For Israel, the control over occupied Palestinian territories accentuated Israel’s existential predicament. The state’s three prime goals i.e. preserving Jewish identity and statehood; preserving its democratic political system and upholding the territorial extent by occupation on Palestinian territories are incompatible. Israel has to give up one of these three goals in order to sustain the other two goals. The dual stress on upholding it as a Jewish-democratic state while occupying the Palestinian territories has led to a bunker mentality characterized by extreme defensiveness and self-justification or self-righteous intolerance of criticism. [3] Bunker Mentality has ensued aggressive ethnic nationalism prioritizing the interests of Jewish citizens; paralyzing the political system and polarization increasing the space for religious parties with narrow agenda to occupy a substantial share causing unstable coalition governments with rampant incidents of infighting.
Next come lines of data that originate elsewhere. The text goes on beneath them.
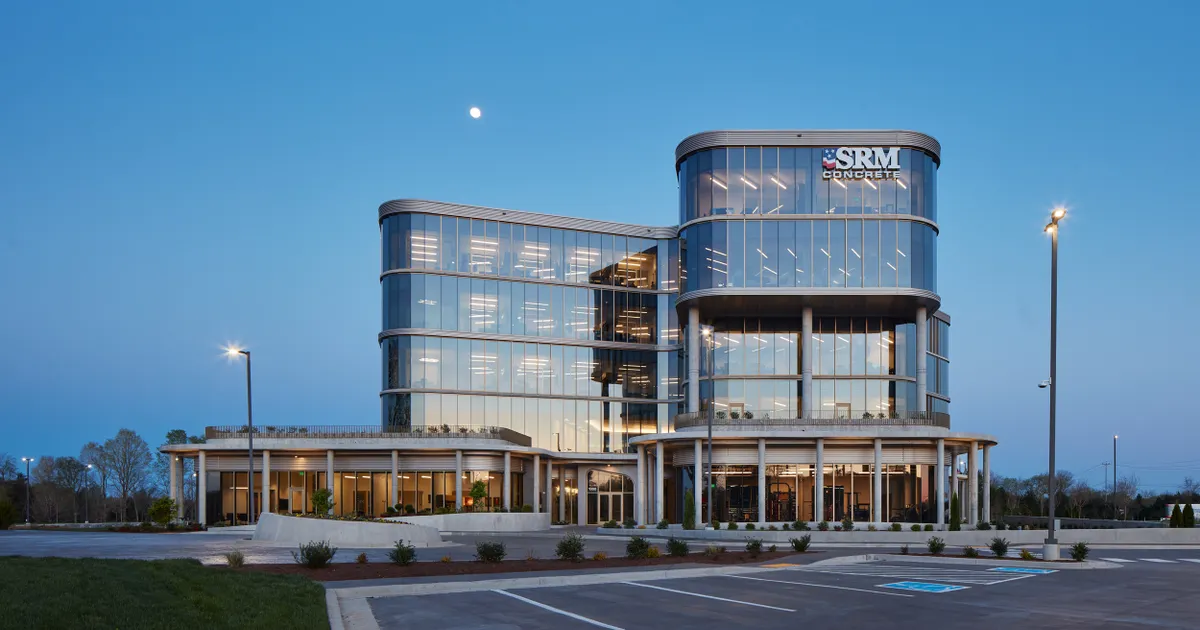 SRM Concrete Corporate Headquarters DPR Construction srm-concrete-corporate-headquarters-dpr-construction
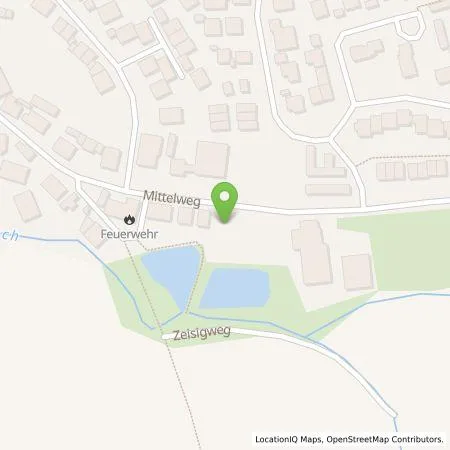 Standortübersicht der Tankstelle Gemeindewerke Wendelstein Breitband GmbH in 90530 Wendelstein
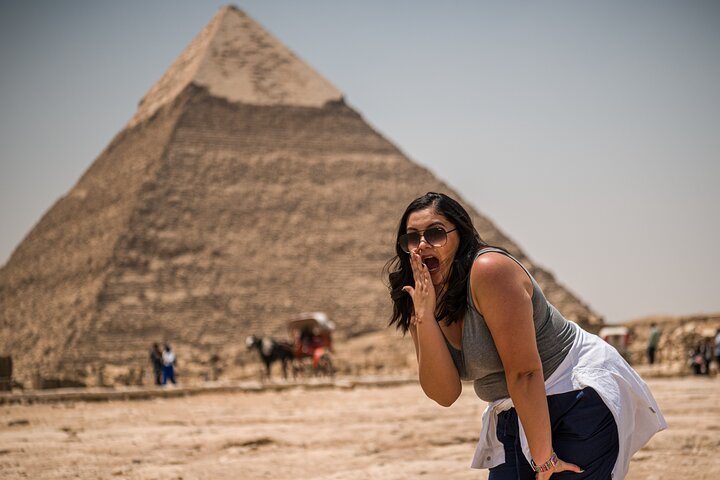 Demi-journée Pyramides de Gizeh & Grand Sphinx avec Guide Privé | wizardtrip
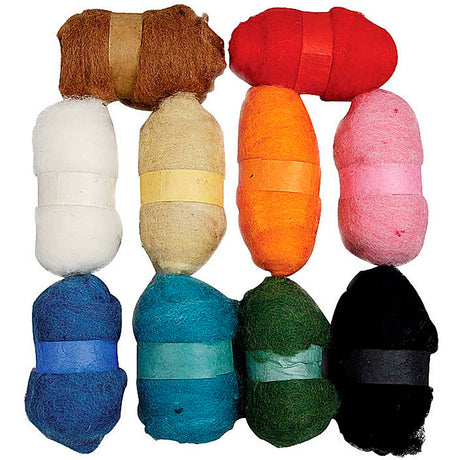 Creativ virksomhed https: www.cchobby.nl carded-wool-various-colors-10x25-gr-1-doos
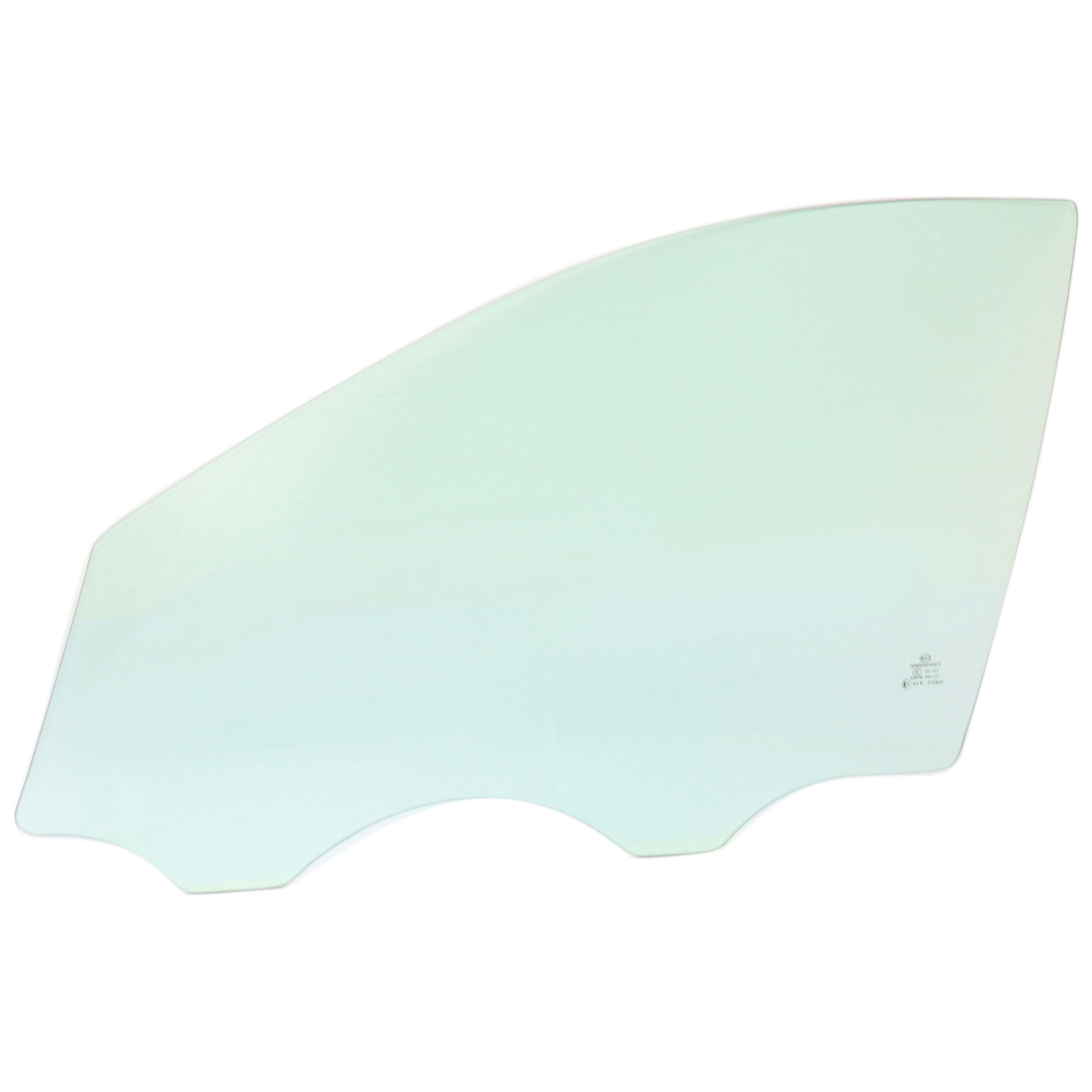 AM SONATA 06-10 FRONT DOOR GLASS LH Clear 4 Door SKU JH480126 OEM 834113K000 FD22640GTNN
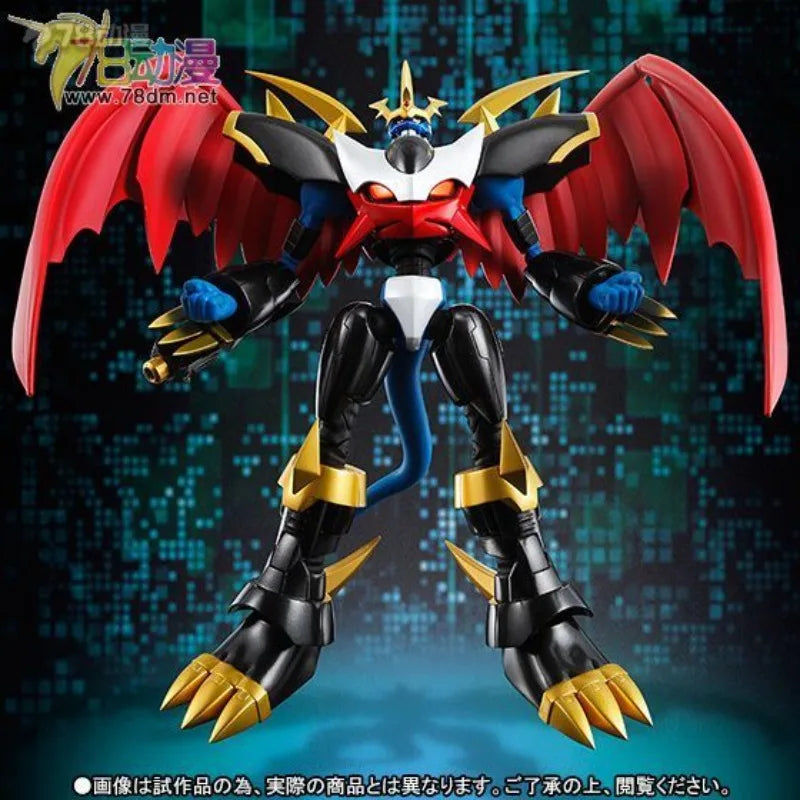 BANDAI Genuine S. H. Figuarts Series Movable Toys Digimon Emperor Dragon Armor Beast Collectibles of Finished Models Gift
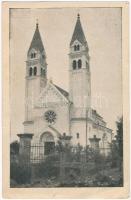 1933 Apatin, Crkva Srca Isusova / Herz Jesu-Kirche (eingeweiht 23. Juni 1933) / Jézus Szíve templom (felavatva 1933-ban) / church (EB)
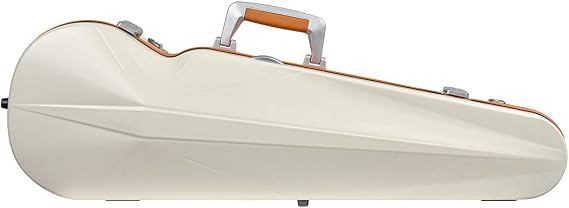 BAM SUP2002XLWO Supreme Ice Hightech Polycarbonate Contoured Violin Case - Orange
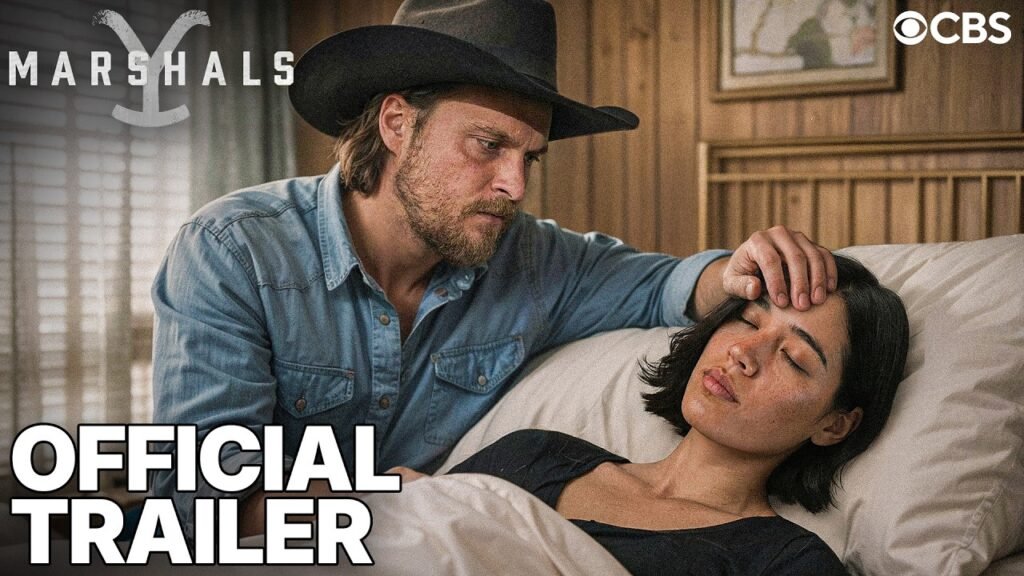 Marshals Episode 1 Official Trailer & First Look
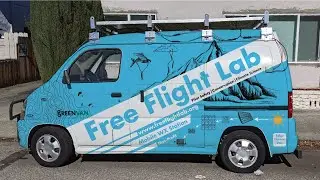 2.1 Solar Electric Van Intro - NASA Surplus Vantage Green Van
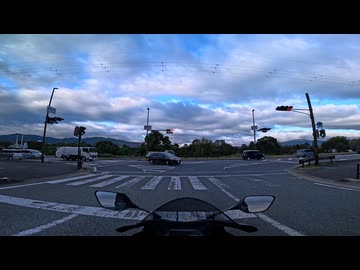 とあるバイクの通勤風景20251119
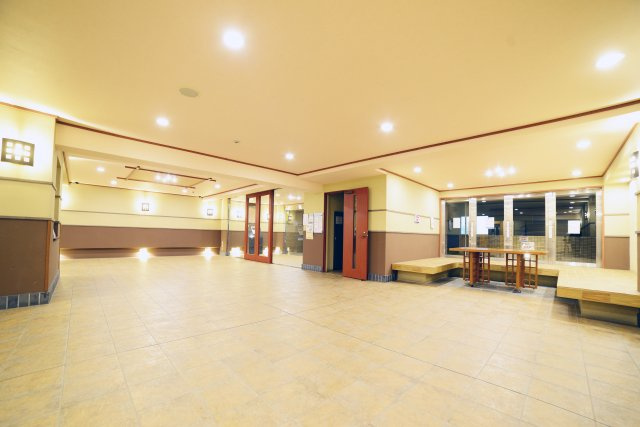アルファステイツ鷹取駅前のエントランス|共用部エントランス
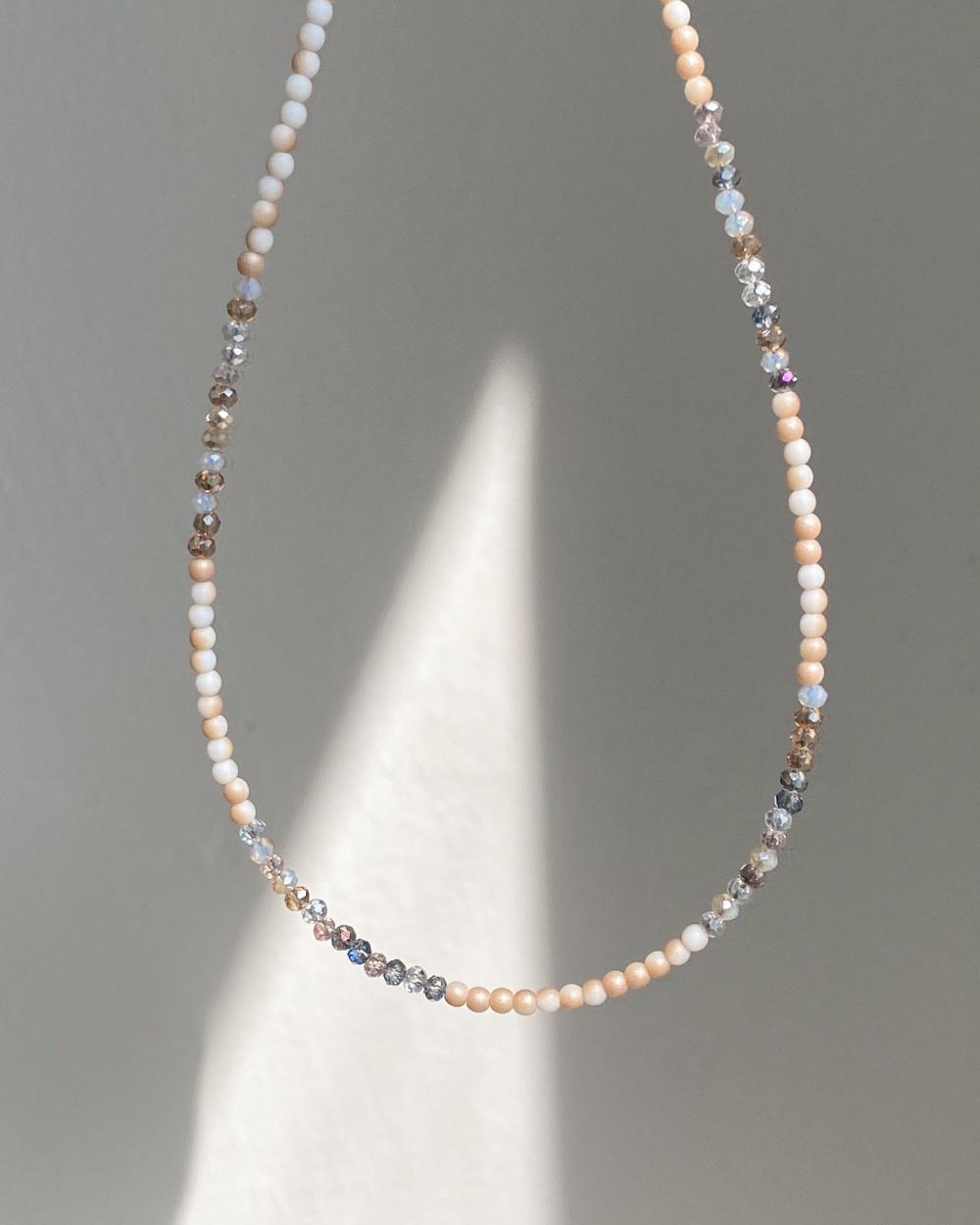 블레어 믹스비즈 목걸이 blair necklace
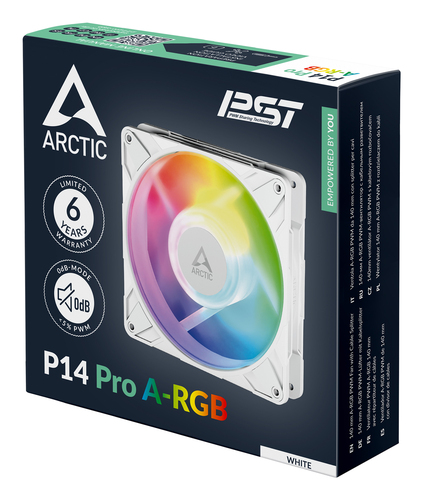ARCTIC P14 Pro A-RGB case fan – Foto 9 van 9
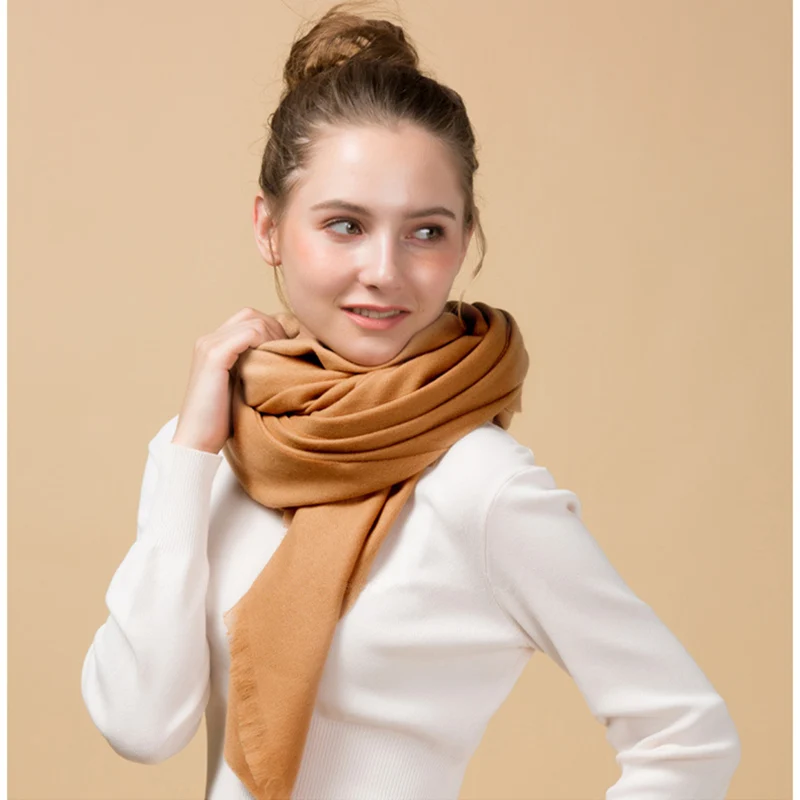 Кашемировый шарф, кашемировый Пашмина, теплый, разноцветный, шаль, женские шарфы, Cosywarmer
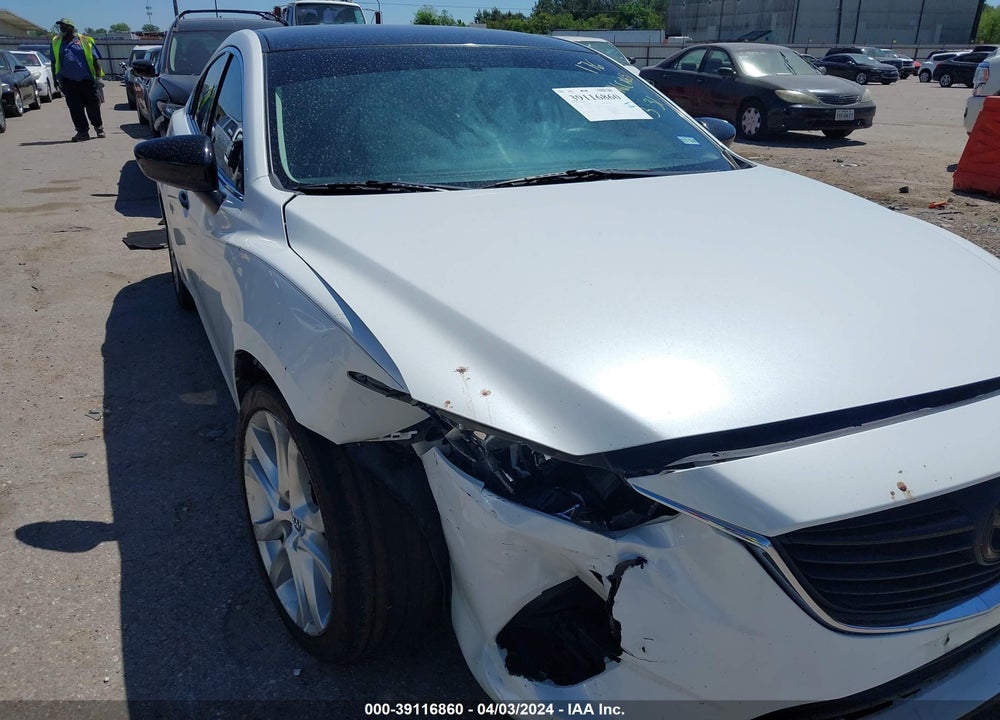 2015 MAZDA 6 I TOURING VIN: JM1GJ1V52F1197133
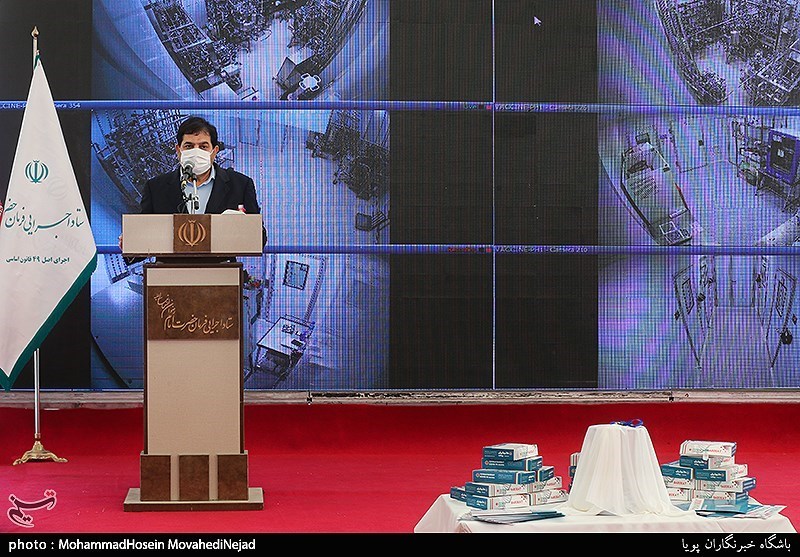 دکتر مخبر رئیس ستاد اجرای فرمان امام (ره)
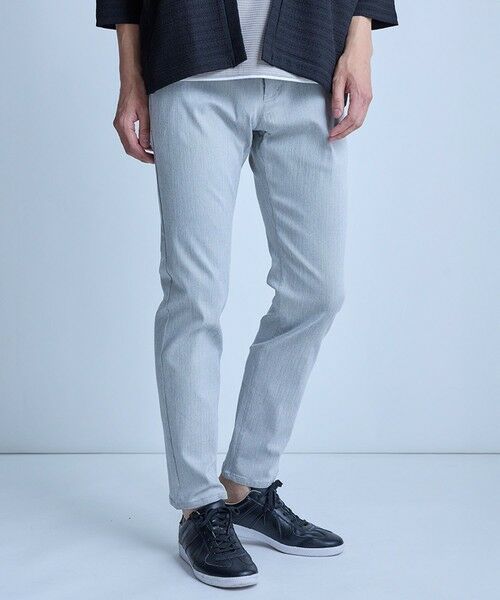 MEN'S BIGI / メンズビギ その他パンツ | ハイパーストレッチヘリンボンパンツ[スーパーストレッチ/ハンドウォッシャブル] | 詳細9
The state witnessed five elections between April 2019 and November 2022. The ethno-centric tendencies have led to rightward tilt in politics and society which is manifested in terms of greater popularity of revisionist and conservative parties such as Likud; Religious Zionism; Shas and United Torah Judaism (UTJ).
Israel’s war in Gaza Strip to destroy Hamas’ military and governance capabilities and rescuing the hostages has long-term implications on its occupation policy. The Israel Defense Forces (IDF)’s prolonged occupation over Gaza Strip would intensify international and regional criticism and contribute to steady increase in military casualties, economic pressures, military costs, and logistical concerns to govern over a large and hostile population. Therefore, the dilemmas for Israel are how to carry out temporary control in Gaza Strip after dismantling Hamas’ military and governance capabilities; governance and security responsibilities after IDF’s departure and framing a realistic plan about Gaza Strip’s future that deters any new threat to its security interests. [4] From Israel’s perspective, the three options for post-war Gaza include, firstly, re-establishing the Palestinian Authority (PA) government; secondly, erecting security arrangement with forces from Arab states stationed in Gaza and thirdly, evacuating the civilian population from Gaza to Egypt and other states and preserving overall security control by IDF.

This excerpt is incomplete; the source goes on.